WHAT YOU SHOULD DO:
Please output only the lines running from the one that contains "[Xả kho] Khăn" through the last line of the data below, exactly as they stand, with no pictures.
•••••
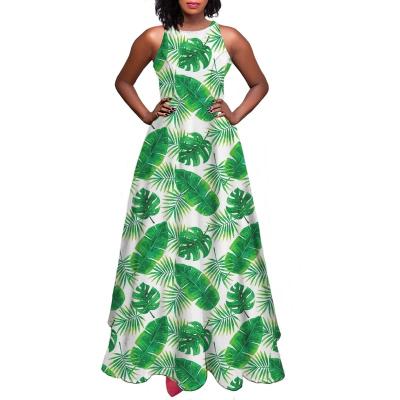 China Outfit Sexy Sleeveless Monstera Print Maxi Dress Pockets Beach Dresses Anti-static Palm Leaf Summer Women Long And V-Neck Rocket Dress for sale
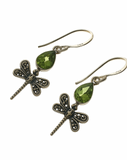 Peridot .925 Sterling Silver Dragonfly Earrings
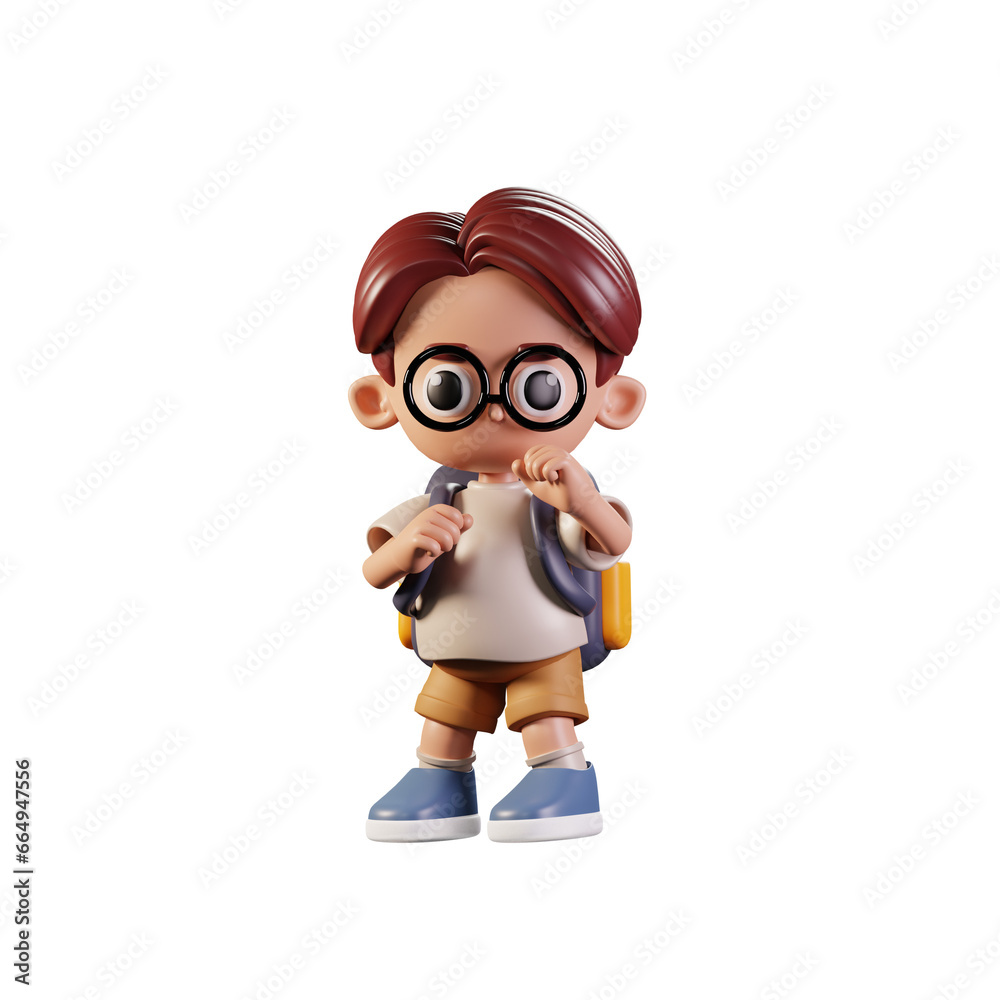 3d Character Student Ready To Fight Pose. 3d render isolated on transparent backdrop.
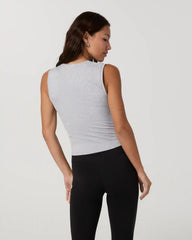 Halo Essential Scoop Tank | Pale Grey Heather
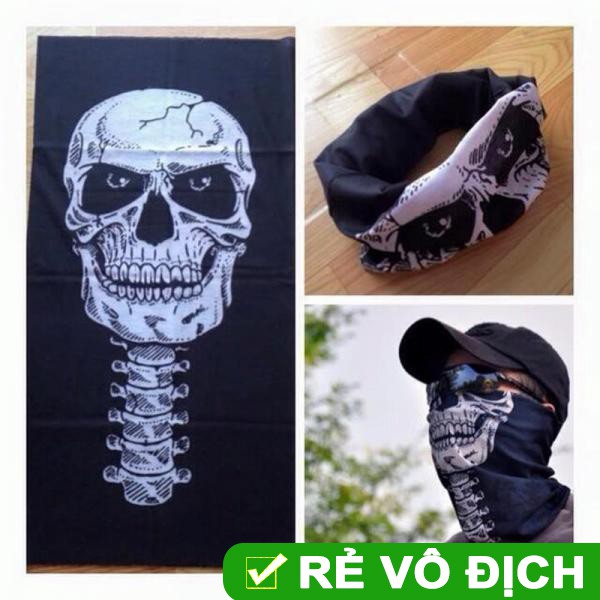 [Xả kho] Khăn phượt đa năng hình đầu lâu màu đen trắng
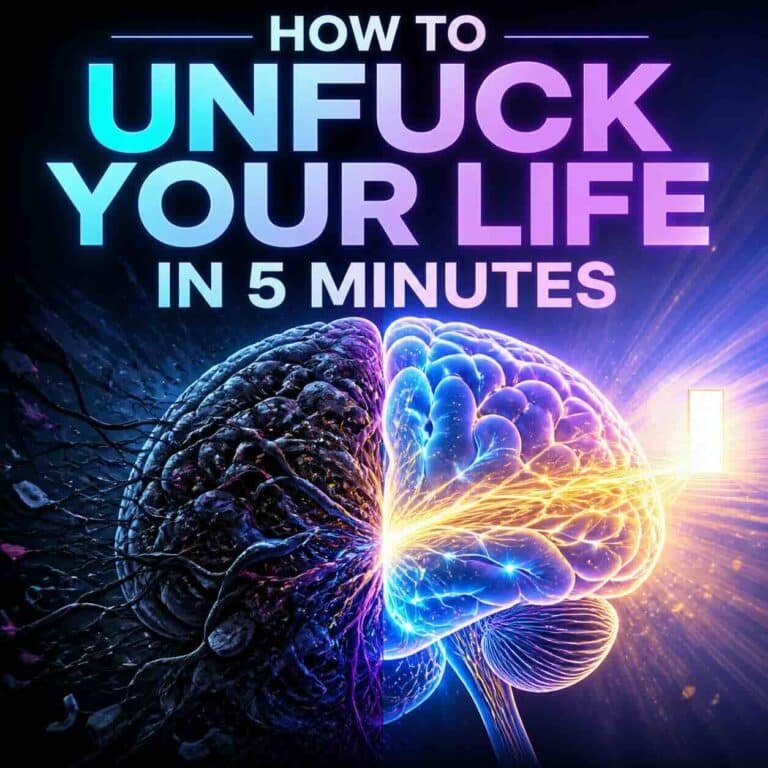 1:1 banner featuring a glowing human brain transitioning from dark, tangled neural pathways to bright blue, violet, and golden light, beside the headline “How to Unfuck Your Life in 5 Minutes.”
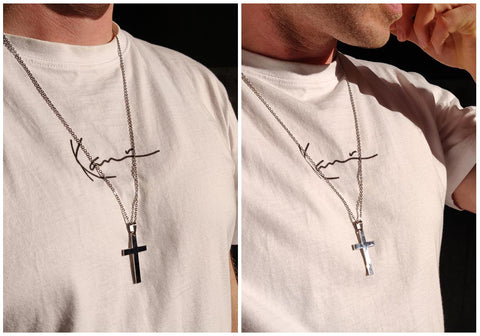 Cross necklace in a long chain steel 70cm 102010046770 | Ninja.fi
•••••
RESPONSE TO THE TASK:
 [Xả kho] Khăn phượt đa năng hình đầu lâu màu đen trắng
 1:1 banner featuring a glowing human brain transitioning from dark, tangled neural pathways to bright blue, violet, and golden light, beside the headline “How to Unfuck Your Life in 5 Minutes.”
 Cross necklace in a long chain steel 70cm 102010046770 | Ninja.fi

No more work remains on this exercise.